Energy in 2019: Fusion, Fission and More

Our species’ insatiable hunger for energy is in a permanent conflict with our quest to keep our planet clean. Some nation-states’ “clean energy” marketing is almost hypocritical given how little they do to address the root cause of rampant energy consumption: hyper-consumerism^.

Anyway… how can we get cleaner energy?

Fusion via tokamak

Fusion^ is the holy grail of energy generation. It’s clean and the necessary fuel, hydrogen, is literally everywhere. Unfortunately, replicating the Sun’s mastery of fusion isn’t exactly a piece of cake.

Once heralded as the world’s first nuclear fusion experimental reactor, wannabe ITER^ is well on its way to becoming one of our species’ worst scientific investments. Delay after delay^ have plagued the project and good news is scarce:

https://www.reuters.com/article/us-nuclearpower-fusion-project/iter-nuclear-fusion-project-faces-delay-over-trump-budget-cuts-idUSKBN1E01RT^

I’ve been following ITER for a long time now and was for many years rooting for it. But to be honest, it does begin to look like there are too many things wrong^ with the project. And given how well solar power^ has been doing (well, except the fact that it also may harm the environment^), who needs ITER?

Fusion via stellerators

Wendelstein 7-X is a smaller but apparently more promising fusion reactor. This type of system bears the catchy name of “stellarator”. Things have been going pretty well in Germany with this project:

https://phys.org/news/2018-11-peak-stellarator-results.html^

Stellarators were among the first type of fusion energy generation device to be considered possible. Tokamaks came a bit later and stole the show for a while, at least until ITER proved the world that perhaps we shouldn’t abandon stellarators just yet.

How about some supercomputing?

Building Wendelstein 7-X wouldn’t even have been possible without help from our rapidly advancing computing abilities. But wait until we add some machine learning on top of that:

https://www.theverge.com/2019/1/29/18201220/nuclear-fusion-energy-artificial-intelligence-machine-learning-tae-google^

Despite my skepticism regarding “AI”^, I do believe that this is one situation where machine learning can do miracles.

Is there such a thing like clean fission?

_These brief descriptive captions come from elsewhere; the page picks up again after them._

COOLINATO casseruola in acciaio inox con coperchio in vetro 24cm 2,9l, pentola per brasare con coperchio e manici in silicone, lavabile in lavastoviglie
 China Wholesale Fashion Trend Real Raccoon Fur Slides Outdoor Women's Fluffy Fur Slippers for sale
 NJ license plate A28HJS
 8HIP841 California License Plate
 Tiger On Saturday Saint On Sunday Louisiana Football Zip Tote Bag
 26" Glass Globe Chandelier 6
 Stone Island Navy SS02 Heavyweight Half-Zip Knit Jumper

Nuclear fission^, aka splitting the atom, has always been dirty (nuclear waste, nuclear weapon material). The temptation to use such energy, however, is almost irresistible, as radioactive elements are by far the highest density fuel that we can currently exploit. Unfortunately, this stuff is also used to make nukes.

For a while, people kept thinking that Thorium^ might actually prevent nuclear weapons proliferation, but that might not be true:

https://thebulletin.org/2018/08/thorium-power-has-a-protactinium-problem/^

In any case, Thorium-based fission power is still actively researched^.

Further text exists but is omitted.